Text/Noboru NAKANISHI ( ADVANTAGE )

寒い冬も深まり、もう雪が降り始めてるところもありますが、実はこの時期、レースが終わると同時に来年に向けてのテストや試作のオンパレードとなり、11月から3月の開幕までが最も忙しく、勝負の時期でもあるのです。

さて、前回は私の大好きなカムギアトレインについてお話をさせて頂きましたが、カムシャフトを含めるシステムとしては絶対に外すことが出来ない機構があります。近代のモータースポーツでの頂点の技術は、何と言っても圧搾空気を使ったニューマチックバルブシステムという最高の技術です。今回はそのニューマチックバルブシステムについてお話をしたいと思います。

ニューマチックバルブシステム最大の特徴とメリットは、高回転化と高バルブリフト化を可能にすることです。コイル式の金属バルブスプリングが存在しない事により、往復運動部分の質量が小さくなり、ガス圧を高める事により小スペースで大きな反力が得られます。圧搾空気を制御し、その圧力でエンジンバルブを作動させる画期的なシステムなのです。

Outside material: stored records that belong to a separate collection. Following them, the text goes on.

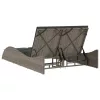  szürke polyrattan napozóágy párnákkal 114x205x73 cm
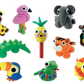 Floss and Rock’s Clay & Play - Jungle includes ten colorful, cartoon-style animal and fruit figures—giraffe, flamingo, elephant, monkey, crocodile, pineapple, tiger, toucan, snake, and fish—made from air dry clay.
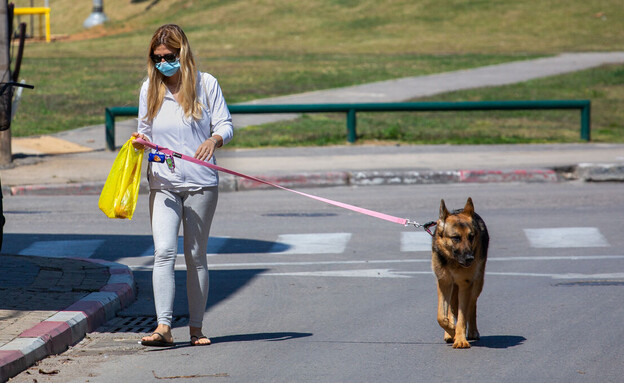 אישה מטיילת עם כלב מסוג רועה גרמני (צילום: Alex Eidelman, shutterstock)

従来のバルブスプリングを利用した物には、バルブサージングを気にしないといけません。しかしニューマチックバルブではバルブサージングをあまり考慮する必要がないのです。往復運動部分の質量が小さいため、同回転数、同カムプロファイルであれば、バルブスプリングエンジンより摩擦損失が小さくなります。

この最高の技術が皆さんの目の前に最初に現れたのは、1990年のF-1(ルノーに採用された)だと思います。2輪ロードレースの最高峰MotoGPでは、2002年にアプリリアがニューマチックバルブスプリングのマシンを走らせたのが始まりです。2007年にはカワサキもシーズンを通して使用し、シーズン終盤にはヤマハも特定のレースで使用しました。

バルブスブリングが無いので反発力や抵抗が無いはずですが、始めてこの事実を知った時の私は「えぇっ!本当ですかそれ?」という感じでした。そのようなものが制御可能なのでしょうか?つくづく技術の進歩は凄いと感じました。モーターサイクルの進化はまだまだ止まりません。こうしてレースからストリートへ技術の受け渡しがされるんですね。